Excerpted records:

<<<<

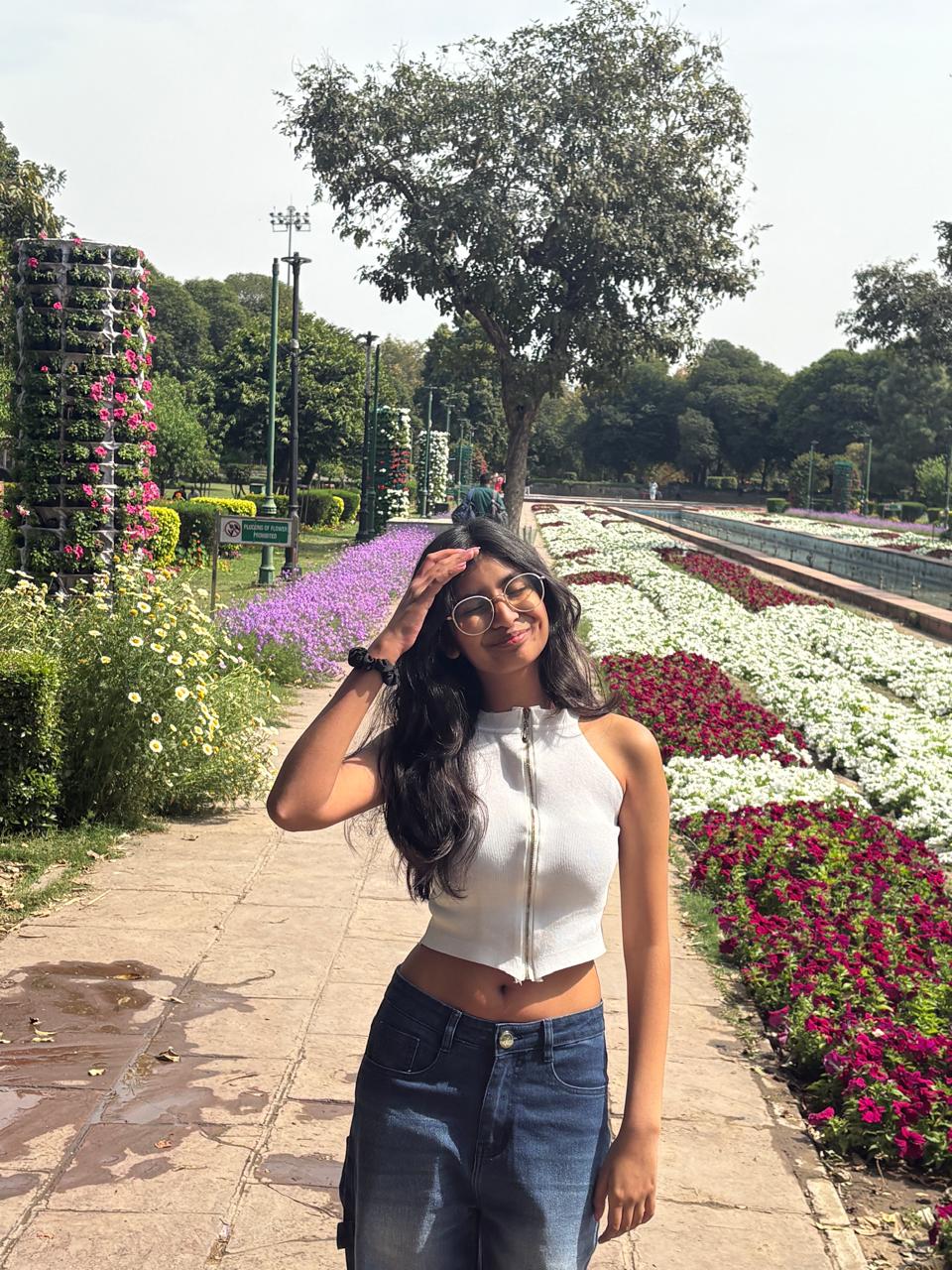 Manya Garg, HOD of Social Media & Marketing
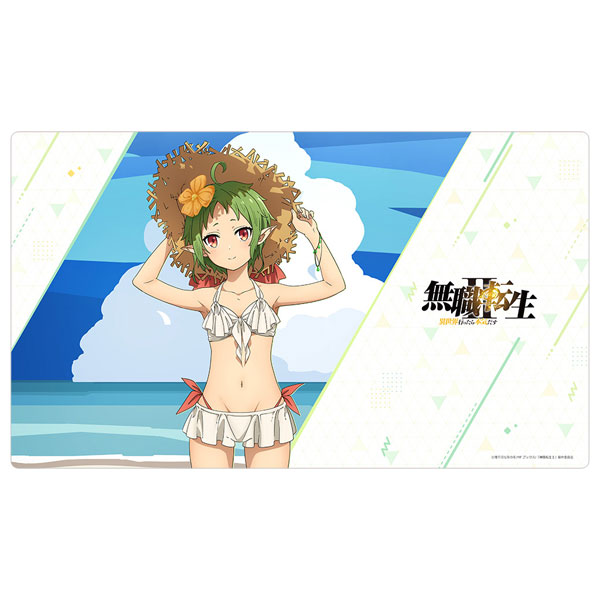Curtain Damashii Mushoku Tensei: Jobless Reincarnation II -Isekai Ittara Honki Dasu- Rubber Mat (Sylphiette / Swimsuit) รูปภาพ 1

>>>>
<<<<

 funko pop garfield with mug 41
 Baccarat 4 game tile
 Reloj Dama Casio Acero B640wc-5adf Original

>>>>
<<<<

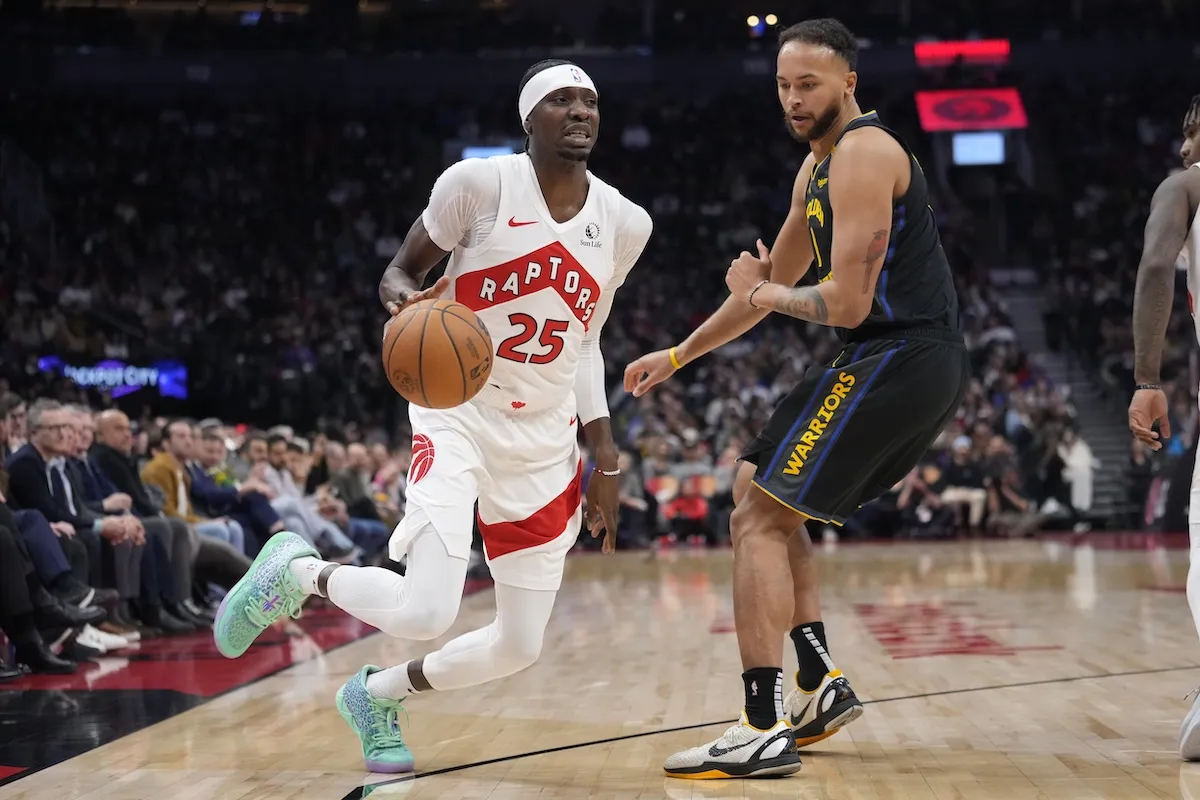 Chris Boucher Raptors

>>>>

Instructions to follow: The line holding "Manya Garg, HOD of Social Media & Marketing" starts the copy and the line holding "Curtain Damashii Mushoku" ends it. Repeat those two lines above and all between them exactly, leaving out pictures.

The answer:
 Manya Garg, HOD of Social Media & Marketing
Curtain Damashii Mushoku Tensei: Jobless Reincarnation II -Isekai Ittara Honki Dasu- Rubber Mat (Sylphiette / Swimsuit) รูปภาพ 1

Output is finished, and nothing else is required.